Wa-rōsoku Candles are an Enduring Beacon of Cultural Heritage

For the few remaining artisans who make wa-rōsoku, the candles represent an ephemeral luxury.

Article by Ute Junker

Wa-rōsoku_1Wa-rōsoku. Photography courtesy Kyoto Artisans Concierge.

Hirokazu Tagawa finds it difficult to watch samurai films, but it is not the violence that disturbs him. It’s the candles. “The filmmakers use Western candles instead of Japanese ones — you can tell by the shape and the colour of the flame,” he grumbles. “When they make a mistake in a subtitle everyone complains, but when they use Western candles in [a period film] no-one says a thing.”

Tagawa is one of just 10 artisans in Japan who still hand-make wa-rōsoku, a traditional Japanese candle crafted from plant oils and fats — in Tagawa’s case, the crushed seeds of the wax tree — as opposed to the usual beeswax or paraffin wax. For him, a candle is much more than a source of light; it is a carrier of culture, one that has shaped many of Japan’s signature art forms. “Four-hundred years ago, the candle was the only way to see in the dark. All Japanese artwork was designed for the light of the candle,” he says.

Hirokazu Tagawa’s Kyoto storefront. Photography courtesy Kyoto Artisans Concierge

Take, for instance, the distinctive white makeup, known as oshiroi, worn by geishas. It is designed to be seen in the orange glow of wa-rōsoku, which creates a natural effect when it falls on the white powder. The same applies to the painted masks of kabuki performers and even the carved white masks of Noh theatre. “When Noh actors change the angle of their head, the shadows of the candlelight would create different emotions on the mask,” says Tagawa. “The masks and the movements remain, but under electric light the effect is lost.”

Tagawa, who sits in a cosy room above his Kyoto shop, Nakamura Rousoku (kyorousoku.jp), which is tucked in a narrow alley in a quiet neighbourhood, reveals he is an accidental candlemaker. Having trained as a mechanic, he was working at Nissan when his wife’s father, a master candlemaker, passed away suddenly, leaving no successor. Unwilling to see the family business of 135 years disappear, Tagawa set about learning the craft, a challenge given that each business jealously guards its techniques. He knew little beyond the names of the raw materials.

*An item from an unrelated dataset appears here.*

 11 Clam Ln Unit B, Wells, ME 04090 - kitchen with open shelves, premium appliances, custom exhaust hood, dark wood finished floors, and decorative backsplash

The artisan prepares the wax. Photography courtesy Kyoto Artisans Concierge.

“I became a customer,” he says. He visited shopfront manufacturers and dawdled while buying candles, trying to see as much as he could of the candlemaking process. “I came home and experimented over and over again.”

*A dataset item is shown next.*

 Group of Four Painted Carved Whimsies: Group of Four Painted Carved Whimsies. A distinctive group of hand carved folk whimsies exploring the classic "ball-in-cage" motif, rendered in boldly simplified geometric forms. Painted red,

Wa-rōsoku were originally used during Buddhist ceremonies and several temples in Kyoto still purchase candles at Nakamura Rousoku. However, Tagawa says even temples nowadays will often use cheaper, mass-produced petroleum-based substitutes. 

The artisan is lit by candlelight. Photography by Ute Junker.

Among tourists, however, interest in the city’s traditional crafts is growing. Kyoto Artisans Concierge (kyotoartisans.jp) organises visits to a range of makers including silk weavers, potters and lacquer workers, as well as Nakamura Rousoku. His plant-based candles are particularly popular as souvenirs, being both beautiful and practical: their thicker wicks give a larger flame, while their lower melting point means the candleholder can be cleaned simply by rinsing it with hot water.

For Tagawa, whose son has already been trained in the family business, preserving the ancient craft is about bolstering Japanese culture. “If we don’t start valuing this, it will go extinct soon,” he says, “and we won’t just lose a method of production — we will lose a cultural story.”